The procedure can easily be extended to a much larger field of brain states. For example, one can alter the adjacency matrix of the task-negative system by increasing the weights of connections between task-related nodes above unity, simulating a greater statistical relevance within the task-evoked state. Additionally, this procedure might give some insight into the brain shifting from the resting-state to task-evoked states and back.

The flexibility of the network topology generating process also gives an opportunity to manipulate node connections to adapt to neural activity observed in fMRI measurements of patients suffering from various brain disorders. Indeed, similar data-driven models had contributed to understanding some mechanisms of brain disorders (Demirtas and Deco 2018; Hutchings et al. 2015; Deco and Kringelbach 2014; Cabral et al. 2012).

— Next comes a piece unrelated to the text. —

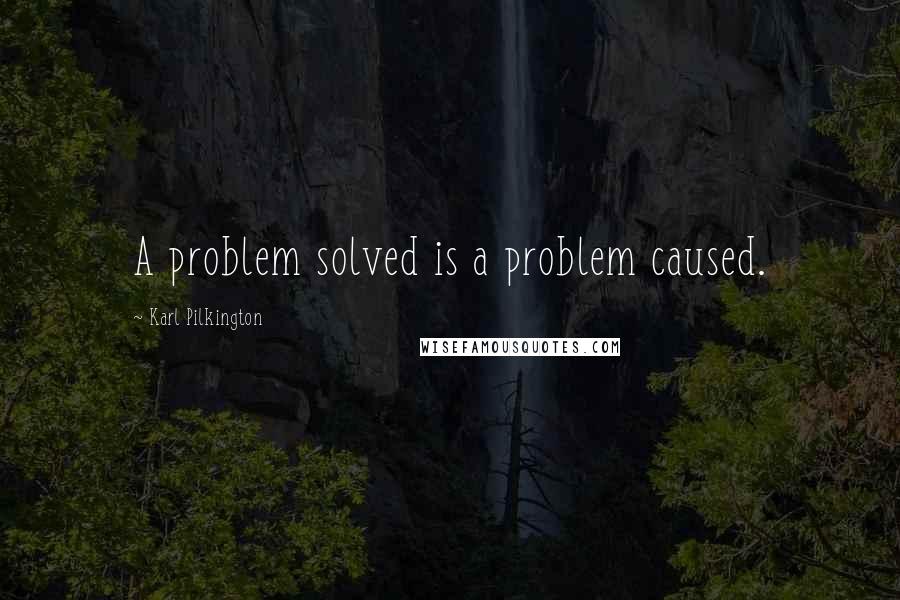 Karl Pilkington Quotes: A problem solved is a problem caused.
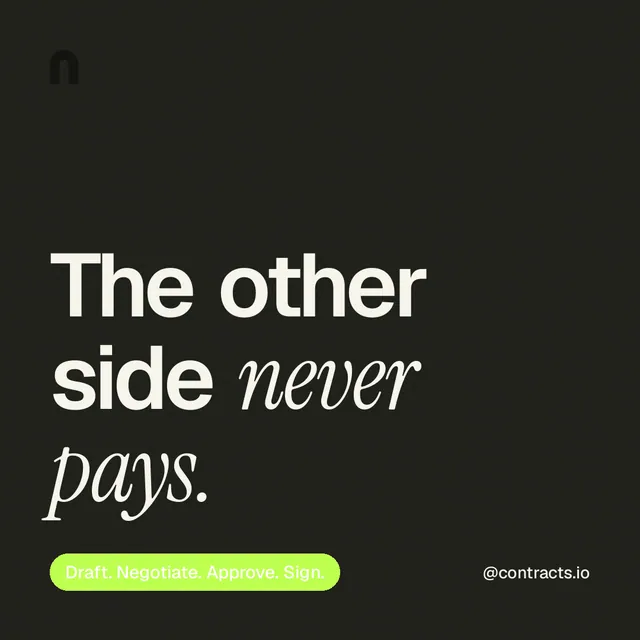 Instagram post for contracts.io: "The other side never pays." Caption style, technique:mixed type lockup layout, dark palette in black, green.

The limitation of this model is given by its purpose, which was to provide explanations for mechanisms generating coordinated activity between spatially distant brain regions. We focus our computations on how these long-distance correlations arise from realistic functional interactions, i.e., those that are also supported by direct structural connections. Thus, our model does not consider the role of coupling topologies that correspond directly to structural connectivity data. Models based on these structural connectivity topologies have been explored extensively in several studies (see Cabral et al. 2011; Hellyer et al. 2014; Cabral et al. 2012), reaching—similarly to our model— an agreement with the experimental data only to a certain extent.

The model presented in this paper does not strive to give an accurate representation of the physiologically realistic brain activity. A much more physiology-based approach is needed to achieve a full understanding of the relation between experimental fMRI data and simulated neural activity. However, this goes beyond the scope of the main focus of the present work that discusses a specific approach to find a simple way to simulate neural time series and to transform them into data, which can be compared to experimental fMRI measurements. This simplification is also adopted in similar studies found in Cabral et al. (2011, 2012, 2014) and Deco and Jirsa (2012). The model that we presented in this review can be extended in various way to incorporate more physiological details such as heterogeneities in the signal transmission velocities accounting for myelination or axon thickness. In addition, link weights can be introduced in the coupling matrix to include more information from experimental data.

Table 1 Cortical and subcortical regions according to the Automated Anatomical Labeling (AAL) template image (Tzourio-Mazoyer et al. 2002)

The studies summarized in this article contribute to a better understanding of the relationship between complex brain networks and temporal dynamics of brain activity. They might also serve as a starting point to investigate brain network reconfigurations providing a modeling framework to explore transient, dynamical interactions, which enable diverse cognitive functions.